On retrouve Aurora, qui cherche toujours sa sœur tuée dans le précédent volume, traque aussi toujours fraudeurs fiscaux et escrocs, et qui aime toujours autant se rouler dans les billets quand elle a été payée. On retrouve Daniel, toujours policier de son état, qui n’a pas abandonné la recherche de la sœur d’Aurora, en partie parce qu’il l’aime toujours… leur histoire d’amour va-t-elle se dénouer ? Encore faut-il qu’ils se croisent de nouveau. Ce sera chose faite suite à l’enlèvement de Gudrún, la deuxième femme d’un riche entrepreneur islandais, Flosi, et à la demande de rançon qui suit. Flosi peut tout à fait payer la somme copieuse qui est demandée, puisqu’il apparaît assez vite qu’il n’a pas gagné son argent uniquement grâce à sa compréhension du fonctionnement du monde des affaires. Il fricote avec les russes – il est maintenant clair que l’Islande, à mi-chemin entre l’Europe et les États-Unis, attire les convoitises d’un grand nombre de trafiquants et c’est ce que Lilja Sigurdardóttir dénonce en partie ici. Reste à savoir si ce sont les maffieux russes qui ont enlevé Gudrún ou pas. Aurora se retrouve impliquée dans l’affaire, ce qui la conduit à faire appel à Daniel…

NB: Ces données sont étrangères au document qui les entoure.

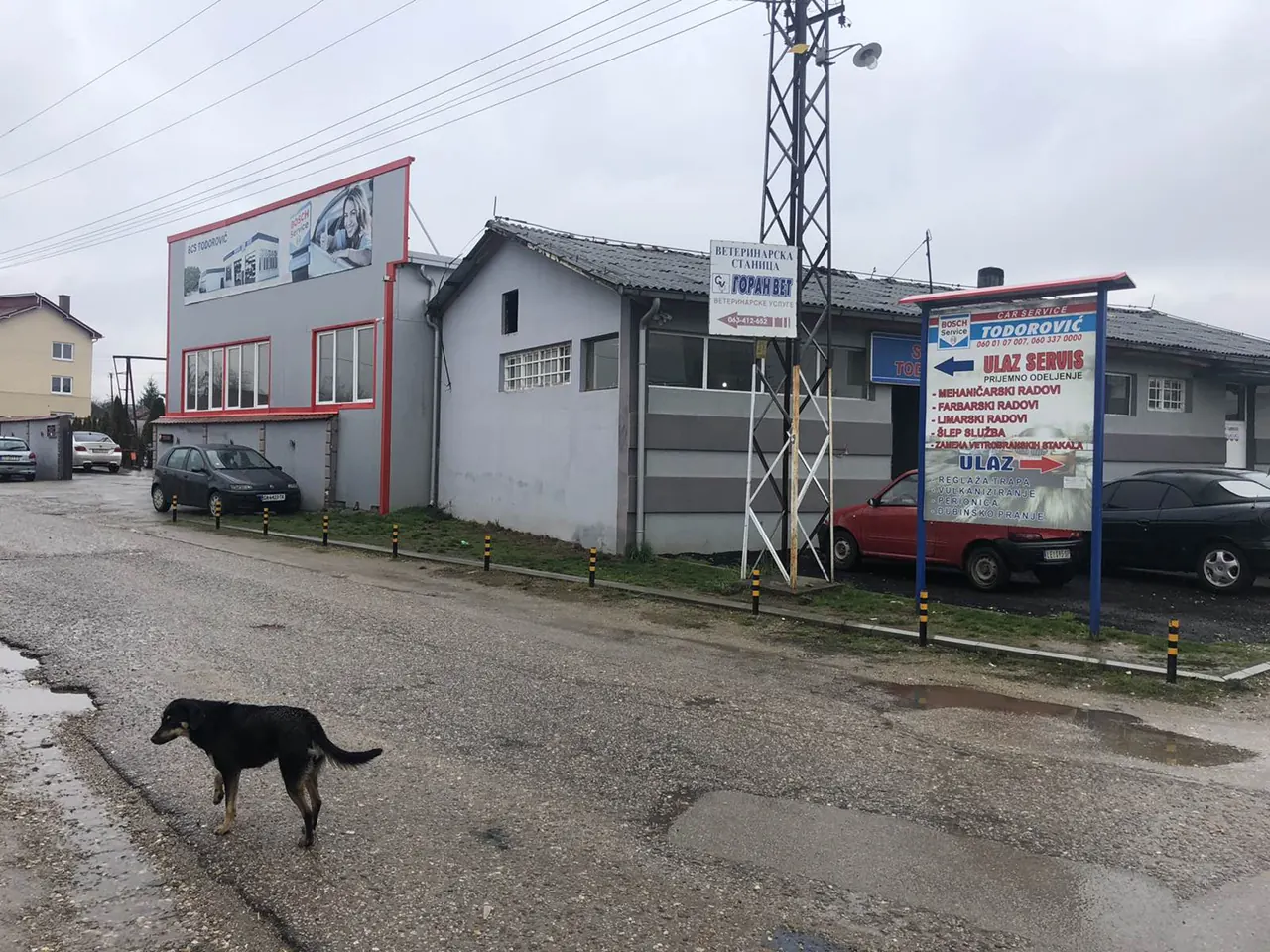 Auto usluge AUTO - SERVIS BSC TODOROVIĆ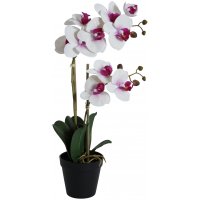 Konstväxt - Orkidé 2 stänglad H54 cm - Vit/Rosa Konstväxt - Orkidé 2 stänglad H54 cm - Vit/Rosa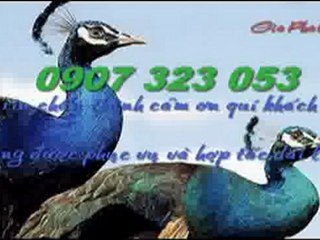 Cải tạo,sửa nhà tại quận go vap call 0907 323 053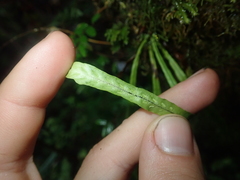 Notogrammitis angustifolia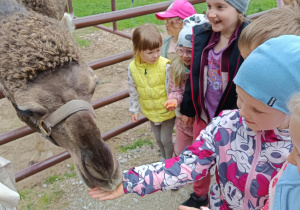 Zdjęcie 42 na 82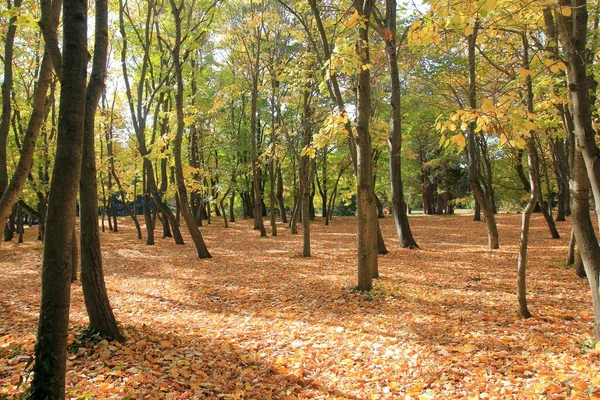 stock image Autumn trees in the Botanical garden of Varna (Bulgaria) at the end of October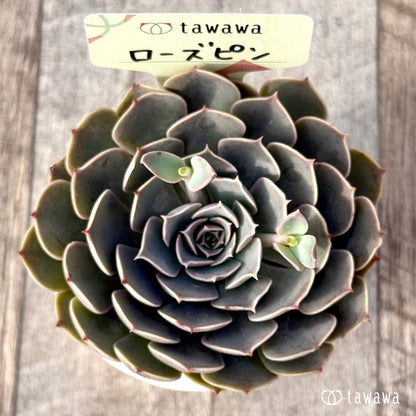 ＊新発売＊　ローズピン２（エアーマジック農園）【tawawaハウス苗】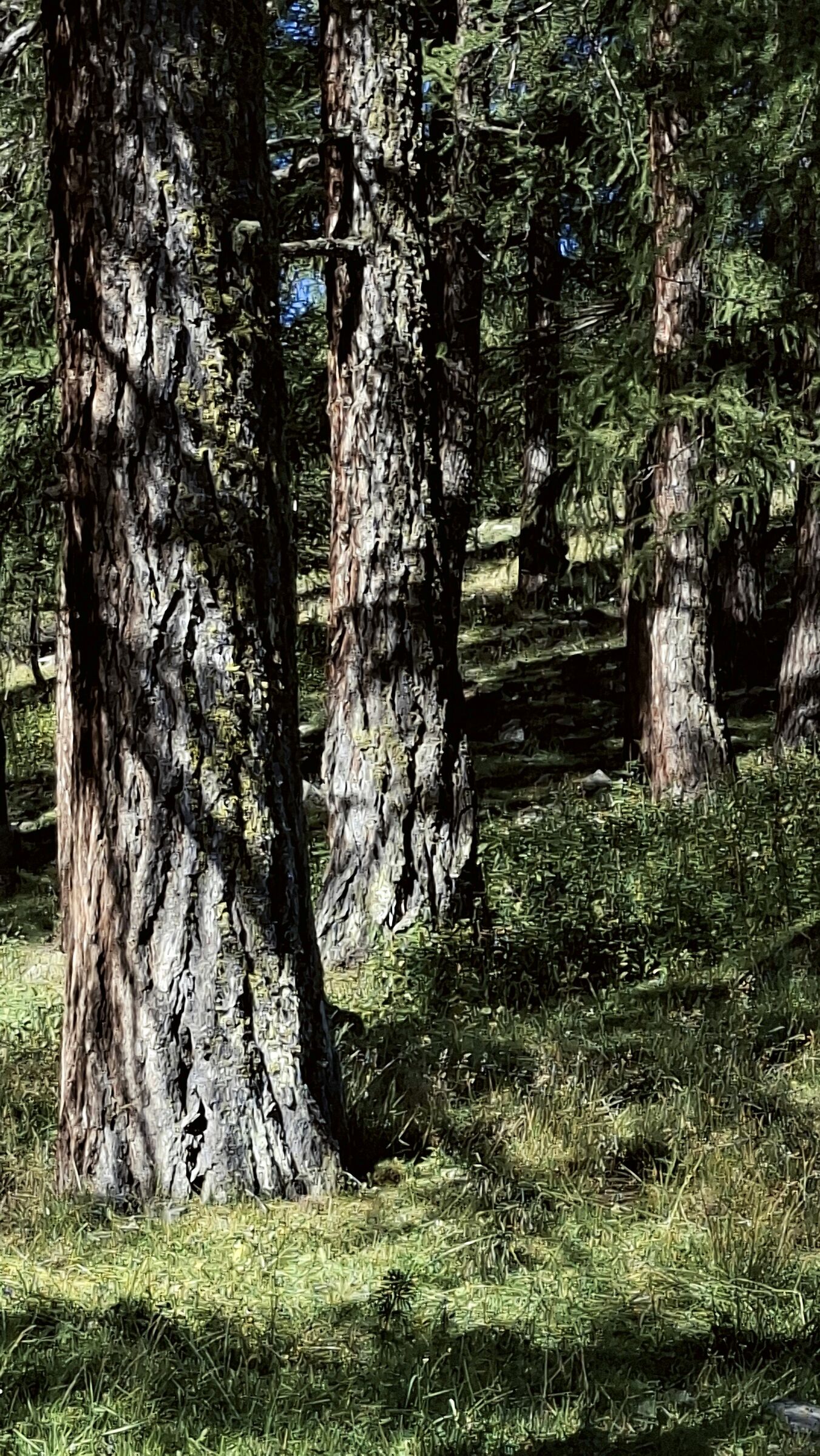 Fra gli alberi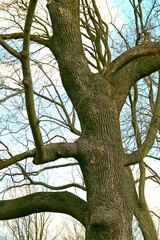 Pawłosiów, Park, Przyroda, Drzewa, Natura, Kapliczka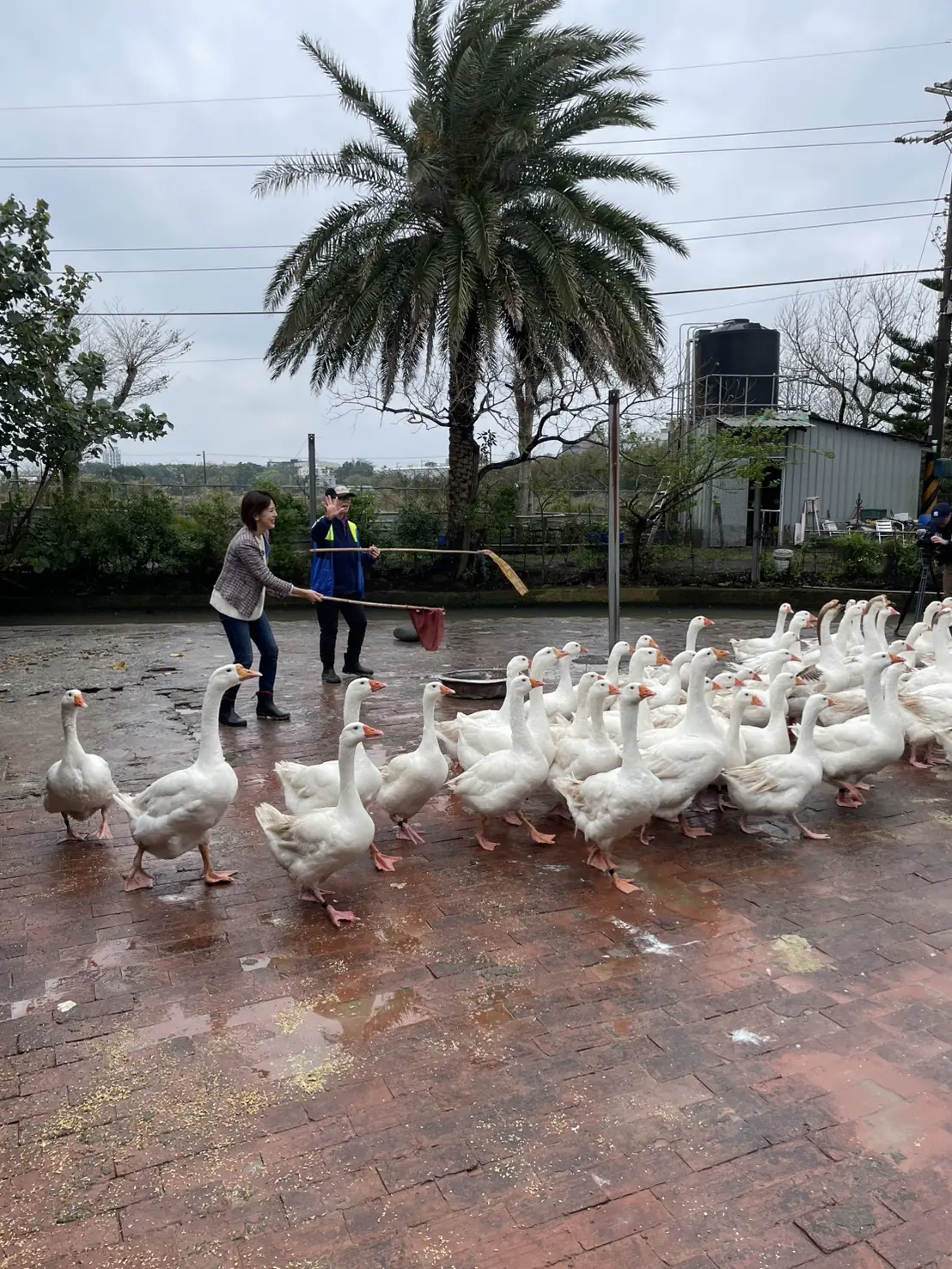 朱培滋接棒記錄 台灣人情味 朱培滋接棒記錄 台灣人情味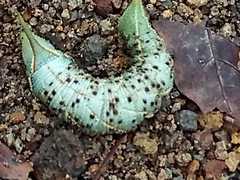 Smerinthinae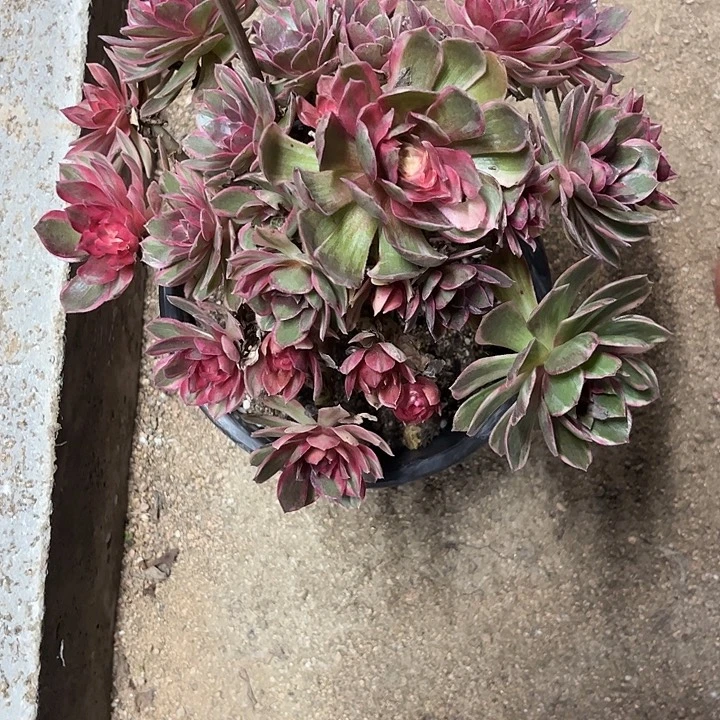 水***山多肉植物黑膜锦……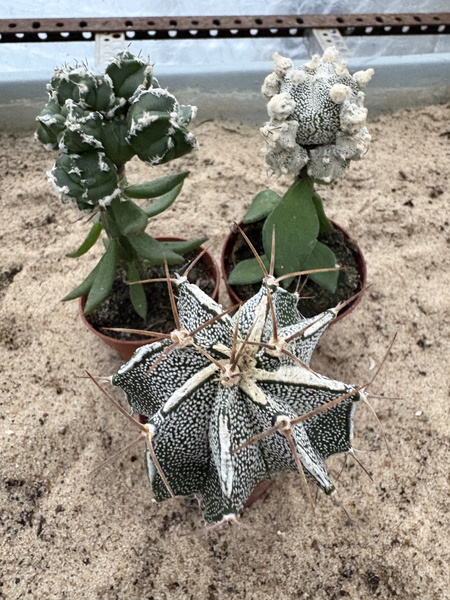 Set of 3 different Astrophytum  MUTANTS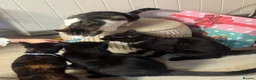 Domestic Shorthair cats for sale: Beautiful Tortoiseshell Domestic Shorthair Cat - Advert 3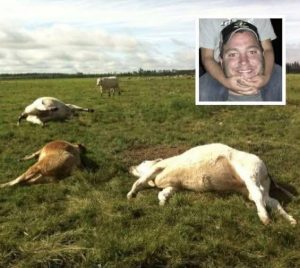HT4. Farmer and 16 cows found dead, haunting cause of death finally discovered
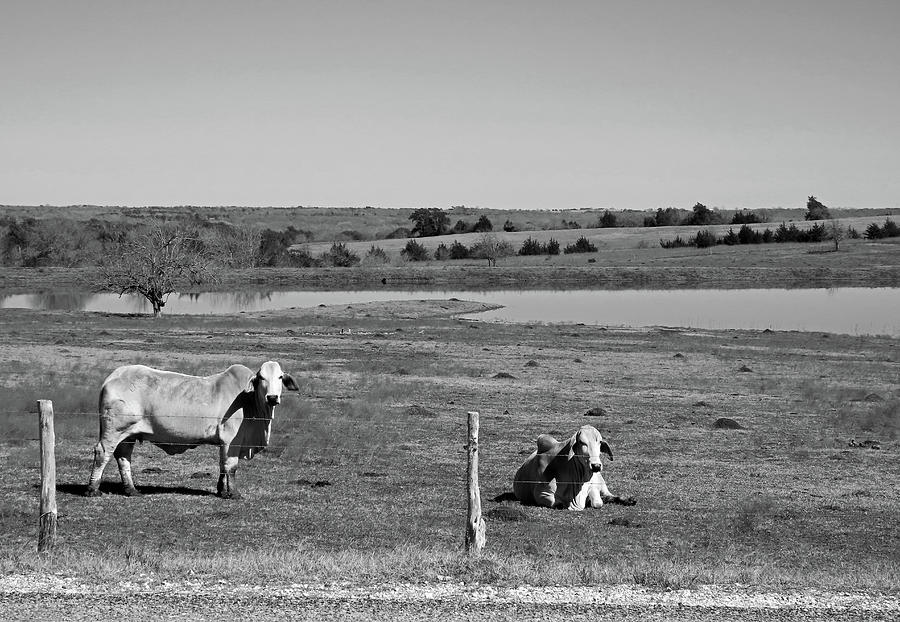 American Brahman Cattle in Texas BW Photograph by Connie Fox - Fine Art ...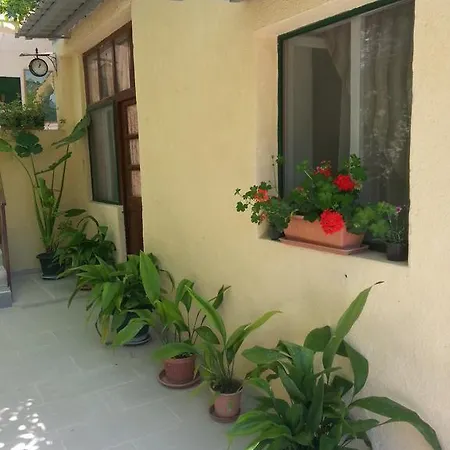 Apartments Darinka Skradin Room photo
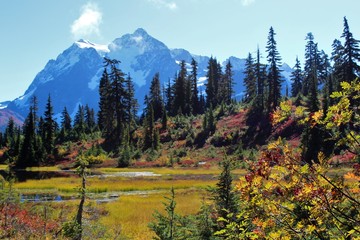 Fototapeta na wymiar Amazing view of Mount Shuksan and vibrant colors around Picture Lake in the North Cascade mountains
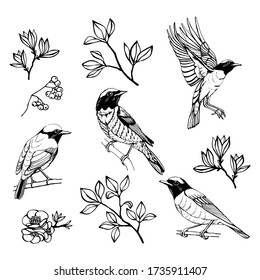 Hand drawn set of birds and flowers. Redstart. Outline drawing. Vector illustration. Black and white.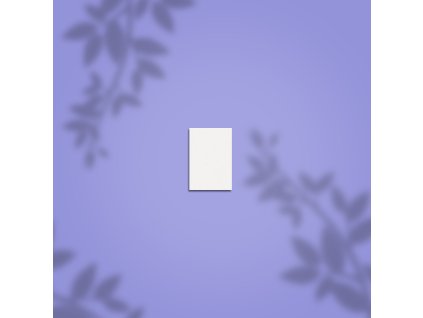 Staleks Pro Buffer MINI NFB-51M-100/180-50 - 50ks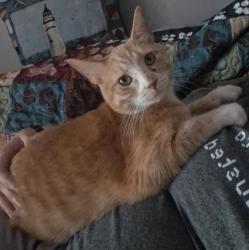 Reunited Male Cat last seen Foxridge and the highway nearby, Mission, KS 66202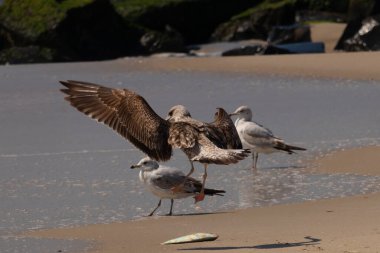 Bu sahildeki martıların bir görüntüsü. Büyük kahverengi kıyı kuşları büyük kanatlarını açmış bir iniş için geliyorlar. Etraflarını saran okyanusun yansıtıcı suyu..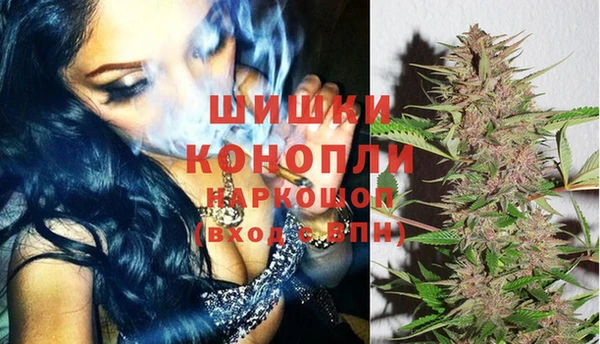 молекула духа Богородицк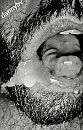 Yes i eat my own cum, foto 1042x1612, 3 reacties, 10 stemmen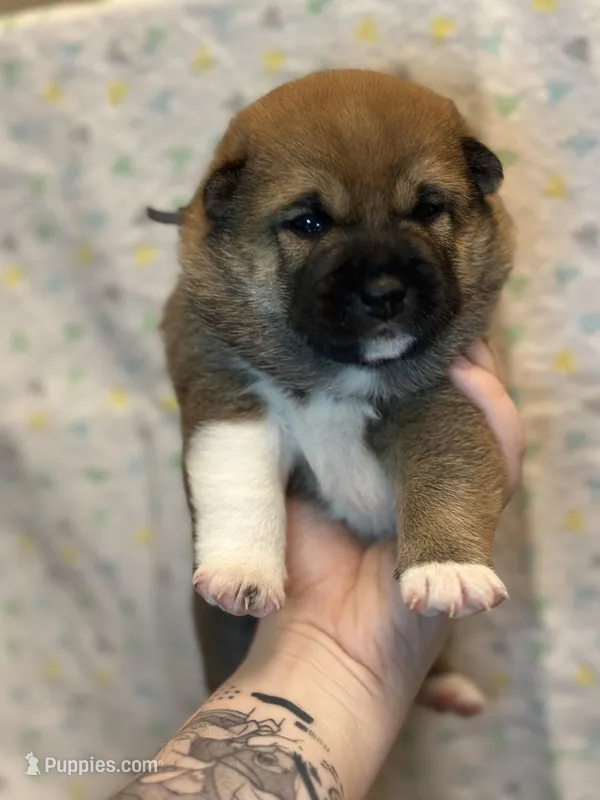 Calzone – Shiba Inu puppy for sale in Lutz, FL
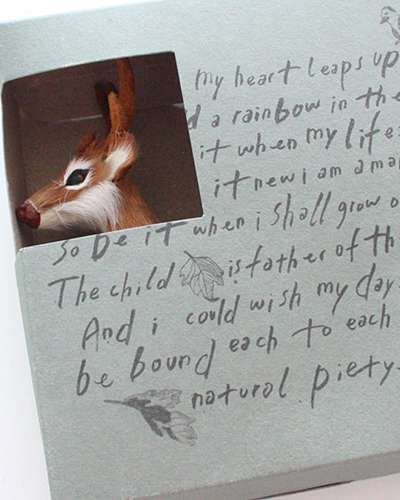 Deer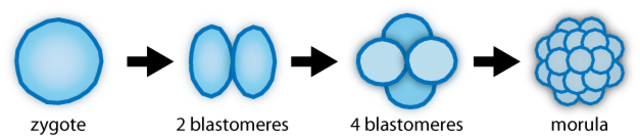 From zygote to morula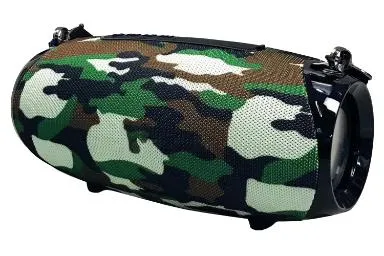 Leitu Lk 33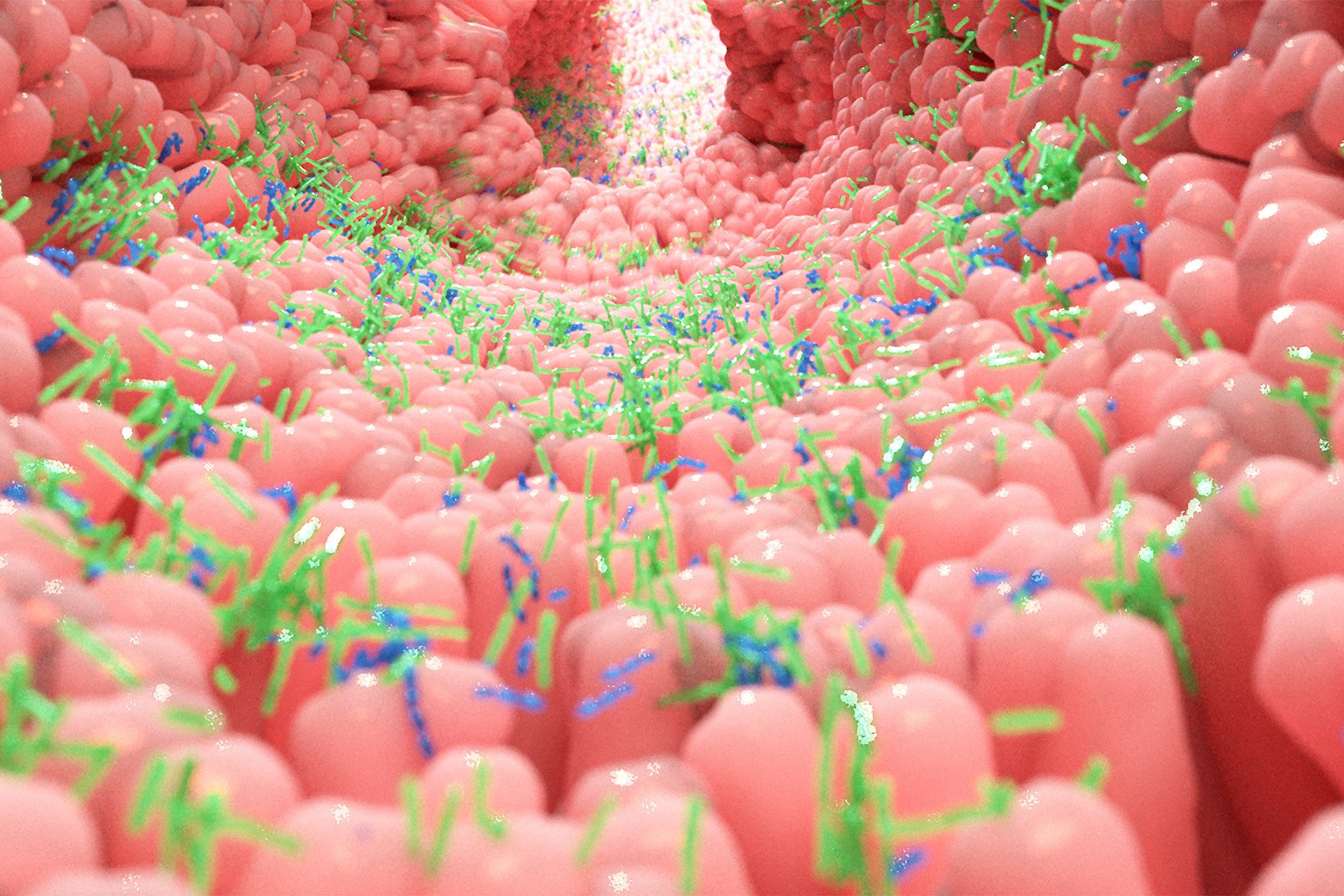 Descoberta de Novo Mecanismo Intestinal Pode Revolucionar Percepção de Fome e Saúde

On est rapidement pris par la multiplicité des coupables potentiels, plus crédibles les uns que les autres. Une sorte de Cluedo® dont on n’arrive pas à sortir vraiment, d’autant que Lilja Sigurdardóttir multiplie les personnages et les raisons qu’ils soient celui ou celle qui a enlevé la pauvre Gudrún. D’abord, on est persuadé que Flosi a fait le coup, parce que soit il est idiot, soit il encore plus malhonnête que ce qu’il semble être. E puis, c’est le tour de sa fille, oui il a une fille d’un premier mariage, qui déteste sa belle-mère et a l’air assez retors pour avoir fait le coup. Et puis il y a la première femme de Flosi, qui apparaît dans l’histoire aussi, qui semble être trop sûre d’elle et trop heureuse de profiter de la disparition pour refaire surface dans la vie de son ex-mari. C’est elle, pas impossible. Avec sa fille ? On se pose la question jusqu’au moment où on apprend que Flosi a une maitresse ; évidemment, pourquoi pas elle, qui a toutes les raisons d’avoir fair le coup : fragile, hypersensible, nerveuse, elle est enceinte et Flosi a promis de l’épouser. Bref, chaque personnage qui entre en scène est potentiellement coupable. Et pourquoi pas tous, tous ensemble ? Et ce jeu tient parfaitement la route jusqu’au bout, et un dénouement en partie surprenant.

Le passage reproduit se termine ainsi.